| Collected data entries |
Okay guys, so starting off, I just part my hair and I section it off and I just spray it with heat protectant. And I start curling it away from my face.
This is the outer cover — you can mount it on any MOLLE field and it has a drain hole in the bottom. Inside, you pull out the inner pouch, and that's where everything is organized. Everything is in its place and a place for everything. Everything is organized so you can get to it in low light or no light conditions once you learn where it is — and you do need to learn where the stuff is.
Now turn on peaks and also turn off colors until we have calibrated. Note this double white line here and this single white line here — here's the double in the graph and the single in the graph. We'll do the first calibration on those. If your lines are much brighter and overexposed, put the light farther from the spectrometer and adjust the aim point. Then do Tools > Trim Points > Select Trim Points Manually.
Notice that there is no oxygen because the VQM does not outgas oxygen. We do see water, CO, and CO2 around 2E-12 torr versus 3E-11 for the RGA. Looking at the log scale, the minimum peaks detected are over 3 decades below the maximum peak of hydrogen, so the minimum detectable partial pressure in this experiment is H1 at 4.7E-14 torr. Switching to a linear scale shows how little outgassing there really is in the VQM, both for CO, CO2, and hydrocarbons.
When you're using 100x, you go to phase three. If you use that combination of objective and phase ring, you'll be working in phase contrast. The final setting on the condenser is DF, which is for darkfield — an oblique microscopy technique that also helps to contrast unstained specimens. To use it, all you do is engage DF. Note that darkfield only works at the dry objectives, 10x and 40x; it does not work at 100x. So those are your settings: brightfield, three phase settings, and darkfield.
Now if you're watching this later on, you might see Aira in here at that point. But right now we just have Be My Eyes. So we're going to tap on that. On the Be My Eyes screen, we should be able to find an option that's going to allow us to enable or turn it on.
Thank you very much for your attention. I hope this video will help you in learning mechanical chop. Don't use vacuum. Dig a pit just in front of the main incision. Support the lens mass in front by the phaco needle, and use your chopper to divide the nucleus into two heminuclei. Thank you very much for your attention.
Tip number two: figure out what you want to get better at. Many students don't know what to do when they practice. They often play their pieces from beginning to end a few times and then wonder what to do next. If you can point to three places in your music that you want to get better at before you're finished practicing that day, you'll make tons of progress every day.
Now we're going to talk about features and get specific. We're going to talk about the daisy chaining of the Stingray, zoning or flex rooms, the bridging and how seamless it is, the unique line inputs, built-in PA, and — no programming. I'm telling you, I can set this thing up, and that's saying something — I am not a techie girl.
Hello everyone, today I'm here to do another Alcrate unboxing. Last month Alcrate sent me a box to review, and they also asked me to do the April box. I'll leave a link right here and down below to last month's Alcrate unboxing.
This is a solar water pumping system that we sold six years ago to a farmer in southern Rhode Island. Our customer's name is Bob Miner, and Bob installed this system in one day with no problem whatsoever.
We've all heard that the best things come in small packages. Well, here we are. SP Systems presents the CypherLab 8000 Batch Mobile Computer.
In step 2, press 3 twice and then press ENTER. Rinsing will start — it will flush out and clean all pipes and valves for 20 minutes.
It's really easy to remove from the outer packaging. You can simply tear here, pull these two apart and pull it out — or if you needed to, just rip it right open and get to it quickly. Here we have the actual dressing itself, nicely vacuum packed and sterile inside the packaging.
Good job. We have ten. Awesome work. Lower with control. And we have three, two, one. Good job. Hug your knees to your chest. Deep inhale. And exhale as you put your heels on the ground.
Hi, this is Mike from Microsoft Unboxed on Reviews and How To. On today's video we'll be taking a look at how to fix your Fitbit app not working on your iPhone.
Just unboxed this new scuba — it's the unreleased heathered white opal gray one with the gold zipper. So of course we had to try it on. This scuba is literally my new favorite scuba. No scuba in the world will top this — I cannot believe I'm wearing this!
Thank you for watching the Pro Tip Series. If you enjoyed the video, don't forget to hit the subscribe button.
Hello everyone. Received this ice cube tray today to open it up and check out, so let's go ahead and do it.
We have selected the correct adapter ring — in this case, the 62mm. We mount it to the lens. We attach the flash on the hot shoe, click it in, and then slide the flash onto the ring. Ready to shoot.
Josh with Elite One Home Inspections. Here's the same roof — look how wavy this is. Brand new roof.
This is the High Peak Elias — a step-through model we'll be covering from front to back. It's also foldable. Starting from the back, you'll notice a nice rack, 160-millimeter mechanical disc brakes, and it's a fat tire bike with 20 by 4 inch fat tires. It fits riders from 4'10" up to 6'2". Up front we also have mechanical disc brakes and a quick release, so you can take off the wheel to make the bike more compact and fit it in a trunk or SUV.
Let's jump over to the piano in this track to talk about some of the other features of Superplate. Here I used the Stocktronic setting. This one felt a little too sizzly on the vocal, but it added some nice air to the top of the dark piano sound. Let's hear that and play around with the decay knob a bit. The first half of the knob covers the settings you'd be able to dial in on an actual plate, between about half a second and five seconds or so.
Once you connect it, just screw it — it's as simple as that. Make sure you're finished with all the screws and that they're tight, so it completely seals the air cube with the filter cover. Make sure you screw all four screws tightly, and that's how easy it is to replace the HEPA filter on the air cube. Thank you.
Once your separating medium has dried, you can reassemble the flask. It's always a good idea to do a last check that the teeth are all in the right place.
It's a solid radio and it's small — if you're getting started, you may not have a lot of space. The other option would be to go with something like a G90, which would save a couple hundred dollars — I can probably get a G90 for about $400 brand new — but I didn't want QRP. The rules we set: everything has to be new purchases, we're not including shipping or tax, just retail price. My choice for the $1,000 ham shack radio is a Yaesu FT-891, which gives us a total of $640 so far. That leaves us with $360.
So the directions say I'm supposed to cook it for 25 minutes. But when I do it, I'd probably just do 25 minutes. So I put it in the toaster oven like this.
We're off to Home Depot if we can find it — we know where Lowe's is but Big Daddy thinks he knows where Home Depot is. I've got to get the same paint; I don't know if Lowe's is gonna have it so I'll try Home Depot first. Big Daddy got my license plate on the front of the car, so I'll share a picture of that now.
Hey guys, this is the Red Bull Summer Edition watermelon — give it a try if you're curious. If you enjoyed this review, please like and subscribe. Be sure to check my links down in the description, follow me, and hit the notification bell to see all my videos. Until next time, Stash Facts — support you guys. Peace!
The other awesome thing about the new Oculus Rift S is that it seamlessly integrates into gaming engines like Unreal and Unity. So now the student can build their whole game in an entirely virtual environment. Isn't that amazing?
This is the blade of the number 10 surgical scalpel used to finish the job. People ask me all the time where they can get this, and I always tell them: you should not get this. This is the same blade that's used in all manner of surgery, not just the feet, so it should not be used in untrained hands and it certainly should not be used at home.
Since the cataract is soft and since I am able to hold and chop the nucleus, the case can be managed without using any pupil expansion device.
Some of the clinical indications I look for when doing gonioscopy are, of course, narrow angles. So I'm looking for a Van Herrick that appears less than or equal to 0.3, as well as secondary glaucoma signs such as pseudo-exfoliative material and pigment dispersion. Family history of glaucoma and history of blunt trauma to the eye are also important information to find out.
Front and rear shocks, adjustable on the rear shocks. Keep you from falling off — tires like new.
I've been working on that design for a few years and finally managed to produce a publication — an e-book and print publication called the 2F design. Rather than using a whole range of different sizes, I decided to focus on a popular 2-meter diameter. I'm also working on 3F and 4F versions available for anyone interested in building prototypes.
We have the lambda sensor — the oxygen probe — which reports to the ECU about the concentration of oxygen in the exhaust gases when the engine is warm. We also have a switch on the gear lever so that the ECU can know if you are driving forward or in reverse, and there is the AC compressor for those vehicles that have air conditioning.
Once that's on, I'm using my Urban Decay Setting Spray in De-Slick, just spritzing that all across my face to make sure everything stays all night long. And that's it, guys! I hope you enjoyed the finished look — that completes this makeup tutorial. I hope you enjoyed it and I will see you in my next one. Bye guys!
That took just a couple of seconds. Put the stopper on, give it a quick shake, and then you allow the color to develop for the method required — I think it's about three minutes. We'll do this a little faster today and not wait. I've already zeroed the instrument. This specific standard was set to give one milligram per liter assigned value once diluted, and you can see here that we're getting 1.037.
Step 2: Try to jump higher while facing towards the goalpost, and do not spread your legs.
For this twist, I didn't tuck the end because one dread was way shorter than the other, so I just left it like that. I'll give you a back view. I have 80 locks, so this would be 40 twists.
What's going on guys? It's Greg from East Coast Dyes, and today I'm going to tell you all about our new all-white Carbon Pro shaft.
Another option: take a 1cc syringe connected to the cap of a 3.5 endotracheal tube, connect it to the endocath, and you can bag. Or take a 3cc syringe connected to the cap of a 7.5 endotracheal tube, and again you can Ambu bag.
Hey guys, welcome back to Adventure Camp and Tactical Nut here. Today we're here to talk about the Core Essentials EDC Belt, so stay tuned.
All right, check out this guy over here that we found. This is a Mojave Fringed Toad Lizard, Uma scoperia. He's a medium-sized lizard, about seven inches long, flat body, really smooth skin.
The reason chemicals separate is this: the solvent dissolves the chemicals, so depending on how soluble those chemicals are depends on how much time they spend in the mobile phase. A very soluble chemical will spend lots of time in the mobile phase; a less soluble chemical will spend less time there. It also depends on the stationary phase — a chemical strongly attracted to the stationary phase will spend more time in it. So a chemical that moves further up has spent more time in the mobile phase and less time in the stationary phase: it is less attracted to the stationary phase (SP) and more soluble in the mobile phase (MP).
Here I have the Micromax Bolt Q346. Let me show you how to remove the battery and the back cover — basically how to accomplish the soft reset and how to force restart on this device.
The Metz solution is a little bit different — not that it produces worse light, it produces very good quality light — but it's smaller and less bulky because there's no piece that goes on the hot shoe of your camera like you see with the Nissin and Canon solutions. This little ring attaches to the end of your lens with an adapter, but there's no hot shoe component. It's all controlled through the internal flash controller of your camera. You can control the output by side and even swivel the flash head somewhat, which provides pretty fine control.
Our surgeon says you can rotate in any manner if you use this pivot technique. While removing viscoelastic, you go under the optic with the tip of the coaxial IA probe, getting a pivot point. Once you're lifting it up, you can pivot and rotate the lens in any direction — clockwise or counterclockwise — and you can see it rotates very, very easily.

| Exercise aim |
Retype exactly, and only, the lines above from the one where "It's really easy" occurs up to and including the one where "Thank you for" occurs.

| Written reply |
It's really easy to remove from the outer packaging. You can simply tear here, pull these two apart and pull it out — or if you needed to, just rip it right open and get to it quickly. Here we have the actual dressing itself, nicely vacuum packed and sterile inside the packaging.
Good job. We have ten. Awesome work. Lower with control. And we have three, two, one. Good job. Hug your knees to your chest. Deep inhale. And exhale as you put your heels on the ground.
Hi, this is Mike from Microsoft Unboxed on Reviews and How To. On today's video we'll be taking a look at how to fix your Fitbit app not working on your iPhone.
Just unboxed this new scuba — it's the unreleased heathered white opal gray one with the gold zipper. So of course we had to try it on. This scuba is literally my new favorite scuba. No scuba in the world will top this — I cannot believe I'm wearing this!
Thank you for watching the Pro Tip Series. If you enjoyed the video, don't forget to hit the subscribe button.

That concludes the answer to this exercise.